[ANNOUNCEMENT] Updated: grep-2.6.3-1
Henry S. Thompson
ht@inf.ed.ac.uk
Fri Aug 27 14:24:00 GMT 2010
cgf wrote:
> Note that [now] grep opens files in binary mode for both reading and writing
> so the output of grep will always have \n endings unless you specify the
> --binary option which will (perhaps paradoxically) force the output to
> reflect exactly what was in the file being grepped.

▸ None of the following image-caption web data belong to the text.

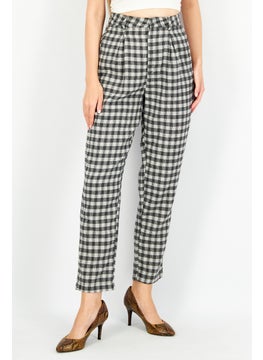 Women Regular Fit Checkered Pants, Black/Light Grey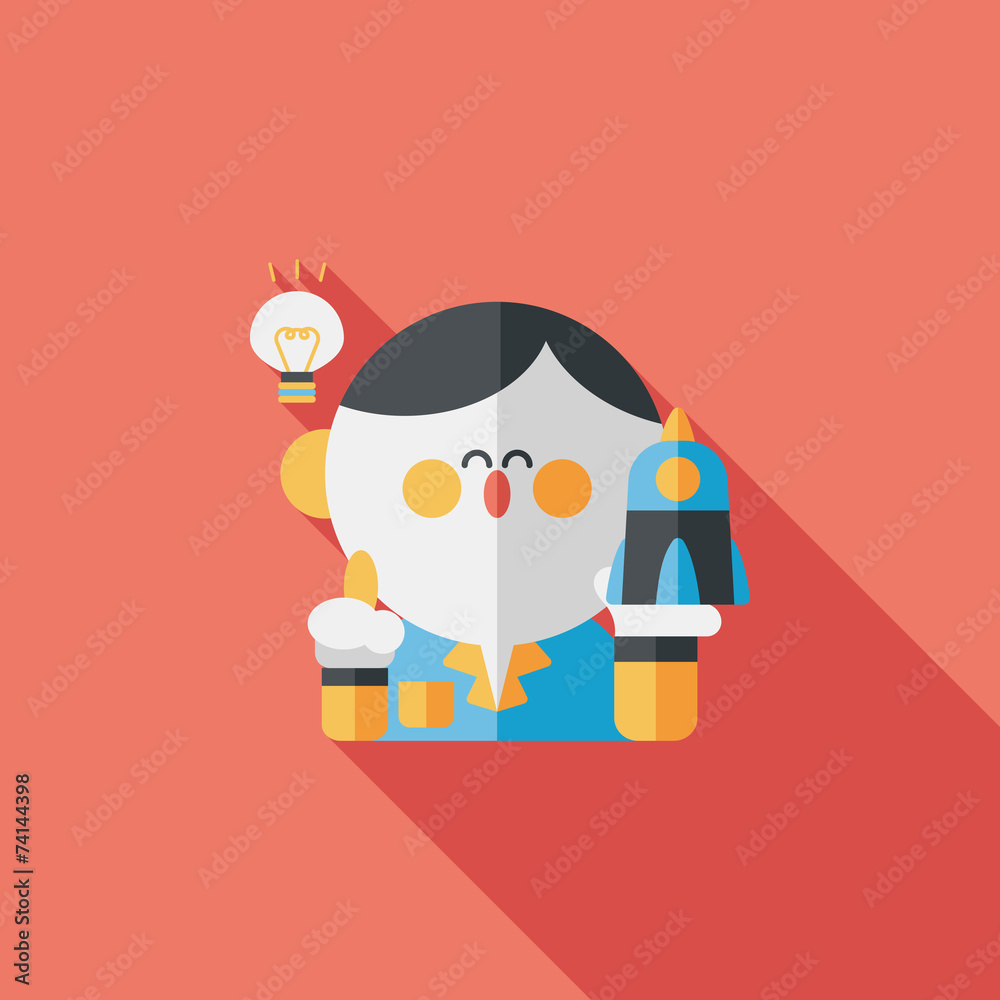Space scientists flat icon with long shadow,eps10 Space scientists flat icon with long shadow,eps10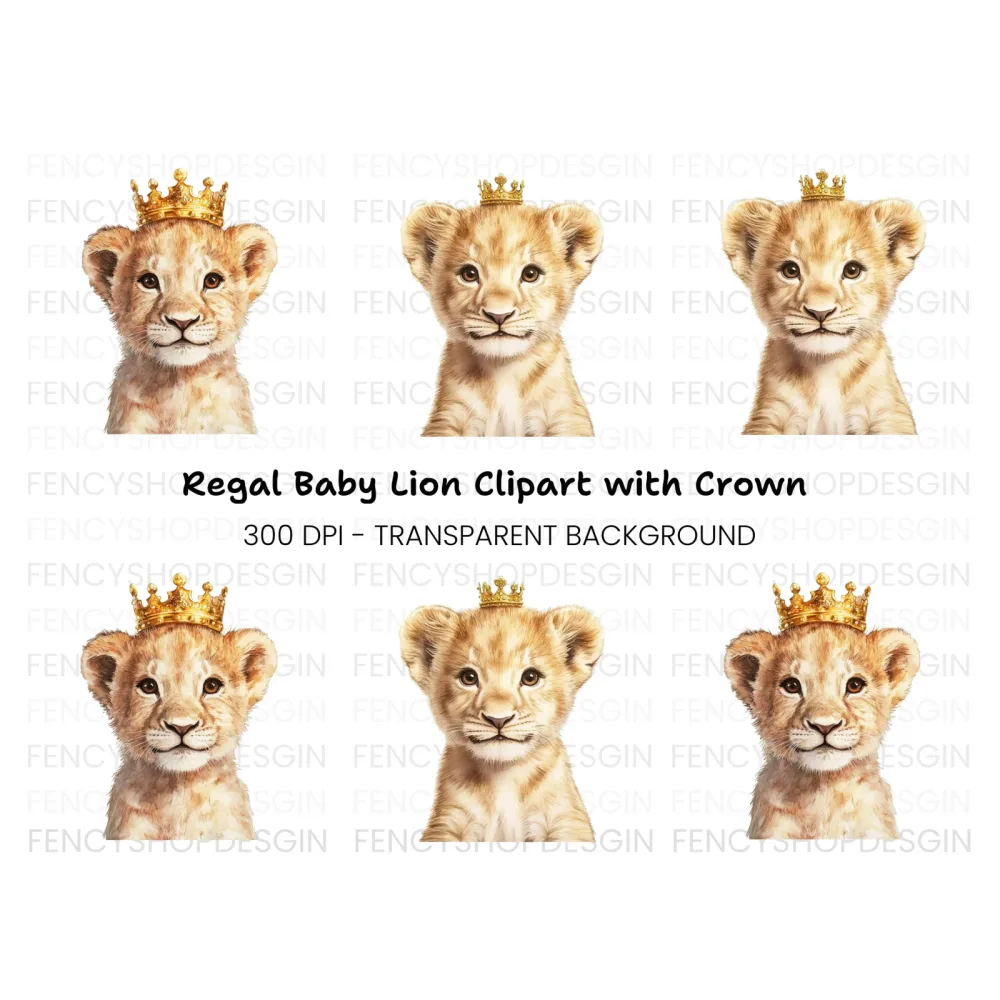 Adorable Lion Cub with Crown Clipart Bundle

For those of us who only RTFM [1] when forced to, I learned the hard way
that the mapping of \r\n to \n implied above actually happens on
_input_, so many patterns involving \r will fail w/o --binary.
You have been warned.
ht
[1] The online documentation reads:
By default, under ms-dos and ms-Windows, grep guesses the file type
by looking at the contents of the first 32kB read from the file. If
grep decides the file is a text file, it strips the CR characters
from the original file contents (to make regular expressions with ^
and $ work correctly). Specifying [--binary] overrules this
guesswork, causing all files to be read and passed to the matching
mechanism verbatim; if the file is a text file with CR/LF pairs at
the end of each line, this will cause some regular expressions to
fail. This option has no effect on platforms other than ms-dos and
ms-Windows.
--
Henry S. Thompson, School of Informatics, University of Edinburgh
10 Crichton Street, Edinburgh EH8 9AB, SCOTLAND -- (44) 131 650-4440
Fax: (44) 131 651-1426, e-mail: ht@inf.ed.ac.uk
URL: http://www.ltg.ed.ac.uk/~ht/
[mail from me _always_ has a .sig like this -- mail without it is forged spam]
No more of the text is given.